I noticed that when I run a RegEx expression, it has inconsistent index positions of results when run in another machine. Am I missing something here...

Give this sql statement:

var sqlStatementRaw = $@"
--GO inline comment
CREATE PROC table1
AS
    SELECT 1;
GO

/*
GO in inline comment block
*/

CREATE PROC table2
AS
    SELECT 1;
GO

/* multiline comment block
GO
*/

CREATE PROC table3
AS
    SELECT 1;
";

And this pieace of code:

var resultList = new List<CommentAnalyzerResult>();

//all comments
//https://stackoverflow.com/questions/7690380/regular-expression-to-match-all-comments-in-a-t-sql-script/33947706#33947706
var regex = new Regex(@"/\*(?>(?:(?!\*/|/\*).)*)(?>(?:/\*(?>(?:(?!\*/|/\*).)*)\*/(?>(?:(?!\*/|/\*).)*))*).*?\*/|--.*?\r?[\n]", RegexOptions.Singleline | RegexOptions.CultureInvariant);

var match = regex.Match(sqlStatementRaw);
while (match.Success)
{
    var commentBlock = new CommentAnalyzerResult { Text = match.Value, Start = match.Index, End = match.Index + match.Length };
    resultList.Add(commentBlock);

    match = match.NextMatch();
}

Machine 1 results:

## results from my win10/x64 machine
Environment.OSVersion.Platform: Win32NT, Microsoft Windows NT 10.0.18362.0
Environment.NewLine.byteCount: 2

sqlStatementRaw.byteCount: 251

commentText.byteCount: 21
startPosition: 2, stopPosition: 23

commentText.byteCount: 34
startPosition: 75, stopPosition: 109

commentText.byteCount: 34
startPosition: 165, stopPosition: 199

Machine 2 results:

## results in AppVeyor Agents - Previous Visual Studio 2019 Image
Environment.OSVersion.Platform: Win32NT, Microsoft Windows NT 10.0.17763.0
Environment.NewLine.byteCount: 2

sqlStatementRaw.byteCount: 228

commentText.byteCount: 20
startPosition: 1, stopPosition: 21

commentText.byteCount: 32
startPosition: 68, stopPosition: 100

commentText.byteCount: 32
startPosition: 149, stopPosition: 181


EDIT:
- One machine is my Windows 10 dev machine and other is AppVeyor Build Image with VS2019
- Using .NET Core 3.0, both machines are 64-bit.
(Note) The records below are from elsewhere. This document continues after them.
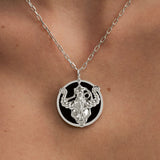 Modelo usando colar de signo de touro em prata 925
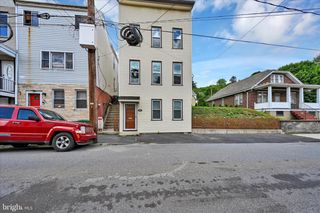 362 FRONT ST, Pottsville, PA 17901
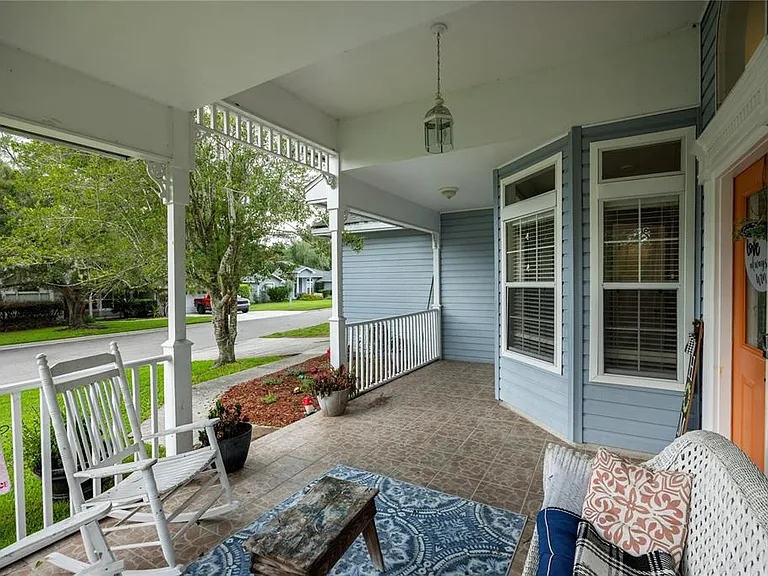 11516 NW 16th Pl — Photo 4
The tests are run via MsTest drivers.

EDIT:
- Added more debug info: OS info, byte count

rdagumampan
  • 459
  • 4
  • 16
  • @Barns No. One is my Windows 10 dev machine and other is AppVeyor Build Image with VS2019. – rdagumampan May 16 '20 at 18:47
  • 1
    .NET Core 3.0, both machines are 64-bit. The tests are run via MsTest drivers. It was a unit tests so the sqlStatementRaw is living within the unit test code.Maybe this would help https://github.com/rdagumampan/yuniql/blob/39508171748ce698cfd6ee4abd51ed406200a116/yuniql-tests/platform-tests/Platforms/SqlServer/SqlServerTestDataService.cs#L134 – rdagumampan May 16 '20 at 18:52
  • 1
    Here is my guess--one of the machines my be interpreting the line breaks differently. Remember `\n is used for Unix systems (including Linux, and OSX). \r\n is mainly used on Windows. \r is used on really old Macs. – Barns May 16 '20 at 19:01
  • The length of second match should be 34 not 32 unless crlf are converted to just lf. The start should be zero based string. Since 1 would indicate just lf, 68 is correct if crlf. Does not jive. Don't save the end position, just the start and length. But, its all about crlf translation apparently, but conflicts as seen. The length must be discerned as it may be in error as welll –  May 16 '20 at 19:13
  • Must say the logic of comments here are a confusion since the C++ model is `/\*.*?\*/` –  May 16 '20 at 19:20
  • Its likely to be Winx64 image as it has visual studio 2019 installed and sql server service. – rdagumampan May 16 '20 at 19:40
  • I have now added debug info on OS info and bytecount for both NewLine and sqlStatementRaw. I think we can deduct now the Linux hypothesis. – rdagumampan May 17 '20 at 06:41
  • From the tone of the title is sounds like you suspect C# regex 'index' member. Been around for a long time to be a bug. Could just be a string length bug. CRLF translation to/from is done by code apps when they call underlying OS open modes. It's selectable, but as I stated previously, in your original output there is an inconsistent result in the first group that should not be like that. But you didn't seem to care about that. –  May 17 '20 at 19:58
  • I don't suspect this to be a bug in RegEx as I have strong feeling this is machine related issue I just couldn't find possible explanation as both runs on Windows Machine, same Newline length, exactly the same string input... as you guys suggested, its certainly not the same as the byte count differs between machines. UTF8.GetBytes() of the raw string input returns different bytecount so its natural that the expression yields different positions also... – rdagumampan May 17 '20 at 20:34
  • I still couldn't explain why the position starts at 1 and not 0 though. – rdagumampan May 17 '20 at 20:35

2 Answers2

1

I suspect the string literal with hard line-breaks is being interpreted differently in the two environments. Essentially adding an index position to the result for each line-break.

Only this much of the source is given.